Freight rate reductions will escalate and losses will exceed $5 billion in the container shipping sector in 2016 due to the further widening of the supply and demand imbalance, Drewry says in its latest Container Forecaster report.

Moreover, Neil Dekker, director of container research for Drewry, says that only low bunker rates have prevented the sector from reliving its performance in 2009, when 1.3 million twenty-foot equivalent units (teu) were removed from a considerably smaller fleet than exists today.

"The mass scale lay ups were triggered by the fact that lines ran out of cash; the industry is not there yet, as some lines are still making a profit and the very low fuel prices are propping them up," said Dekker.

"But a further two or three quarters of declining financial profitability may trigger a notable rise in the idle fleet as we enter the second half of 2016."

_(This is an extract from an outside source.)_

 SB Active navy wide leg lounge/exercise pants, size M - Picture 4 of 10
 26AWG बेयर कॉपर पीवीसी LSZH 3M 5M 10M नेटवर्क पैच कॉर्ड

Citing container shipping freight rate declines of 9 percent in 2015, Drewry predicts that carrier unit revenues will decline further in the New Year, but at a slightly slower pace; it also believes the recent recovery in spot rates "will prove to be short-lived."

As Ship & Bunker reported earlier this week, rates for Asia to Northern Europe routes jumped 115 percent during the week ending last Friday.

In predicting industry losses to exceed $5 billion in 2016, Drewry says that more worrying than low bunker prices dragging down fright rates, is the fact that freight rates are falling faster than carriers are able to cut costs.

"More needs to be done by the industry to bring about any kind of stability; proposed or forthcoming industry consolidation may well reduce the number of big market players and improve individual company efficiency, but this will not reduce industry vessel capacity in any way," says Drewry.

"Decisions need to be taken by lines to remove more vessels and re-structure more trade lanes with new operational agreements."

Drewry in November said low bunker prices were the only thing preventing huge losses across the box shipping sector, and that Maersk Line's decision to lay up one of its larger Triple-E containerships should be a wake-up call to other carriers.